Juliette Méadel. Le dessein de Juliette

Transcription

Juliette Méadel. Le dessein de Juliette
POLITIQUES
Juliette Méadel. Le dessein de
Juliette
22 février 2013 à 21:06 (Mis à jour: 25 février 2013 à 11:01)
(Photo Roberto Frankenberg pour Libération)

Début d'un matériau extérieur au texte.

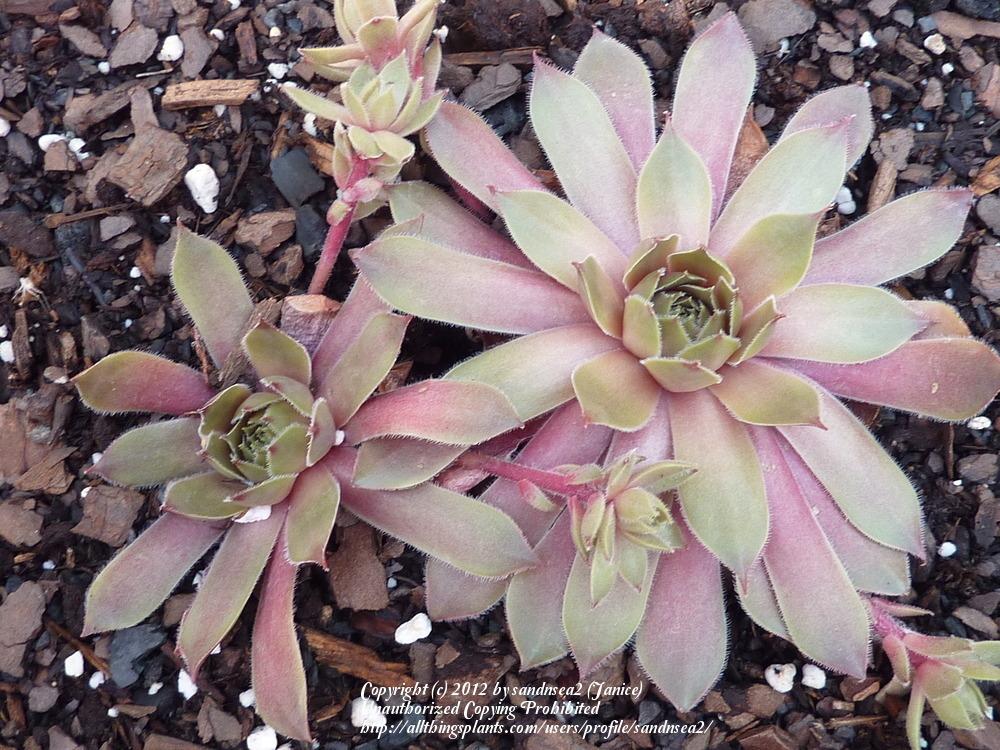 Photo of Hen and Chicks (Sempervivum 'Booth's Red') uploaded by sandnsea2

PORTRAIT Avocate d’affaires et énarque, la nouvelle directrice du
think tank de gauche Terra Nova veut changer l’exercice du
pouvoir.
Par CÉCILE DAUMAS
Cheveux souples ramassés en chignon lâche, regard bleu malicieux,
elle sait qu’elle a du charme. Radieuse spontanéité mais démarche
hésitante. Ses traits sont à peine altérés par les derniers mois de sa
troisième grossesse. «La naissance est prévue le 2 avril. Je limite
mes déplacements», dit-elle, joyeusement fataliste, calée dans un
fauteuil d’une brasserie du XIVe arrondissement, à deux pas de chez
elle. Elle en veut quatre, à l’instar d’une Cécile Duflot ou de Ségolène
Royal dont elle a fait la campagne en 2007 en tant que conseillère,
pourvoyeuse d’idées. «Les enfants me donnent de l’énergie et me
font croire en l’avenir…»
Des «bébés Ségo», jeunes et jolies ambitieuses qui ont affûté leurs
armes auprès de Ségolène, puis épaulé François lors de la dernière
présidentielle, elle est celle qui a le moins pris la lumière. Pour
l’instant. Najat Vallaud-Belkacem, Fleur Pellerin ou Aurélie
Filippetti sont devenues ministres. A 38 ans, Juliette Méadel
pourrait y prétendre un jour. En attendant son heure, elle vient
d’être nommée directrice générale du think tank de gauche Terra
Nova, orphelin de son fondateur Olivier Ferrand, mort brutalement
l’été dernier à 42 ans. «Elle assure la continuité de Terra Nova et
son ancrage générationnel, dit Carole Ferrand, veuve de l’ancien
président. Qu’elle soit par ailleurs enceinte de son troisième enfant
aurait plu à Olivier…» Jeune et femme, avocate d’affaires et
énarque, haut fonctionnaire du Trésor rompue aux embrouilles
politiques, son CV incarne à la fois l’équation impossible de la
gauche et du marché, l’exigence paritaire et l’impérieuse nécessité
d’un renouvellement des élites. Devant un simple verre d’eau, elle
prépare la première université d’hiver de l’institution qui se tient
aujourd’hui à Paris. «L’objectif est de renouveler le contenu
programmatique de la gauche progressiste.» Ah… Langage techno
sûr de lui, elle a réponse à tout. Europe, déficit démocratique ou
GPA - elle y est favorable -, rien ne lui fait peur. Telle une NKM en
moins hautaine, elle dégage cette singulière énergie des femmes qui
se pensent «en mission», convaincues de la justesse de leur
engagement.
Portée par une redoutable puissance de travail, Juliette Méadel veut
«tout» : le pouvoir, les enfants, l’action politique - être élue - et
l’autorité intellectuelle - être experte. A peine débute-t-elle une
carrière d’avocate dans un cabinet d’affaires, qu’elle entame un DEA
de philosophie puis une thèse sur les marchés financiers.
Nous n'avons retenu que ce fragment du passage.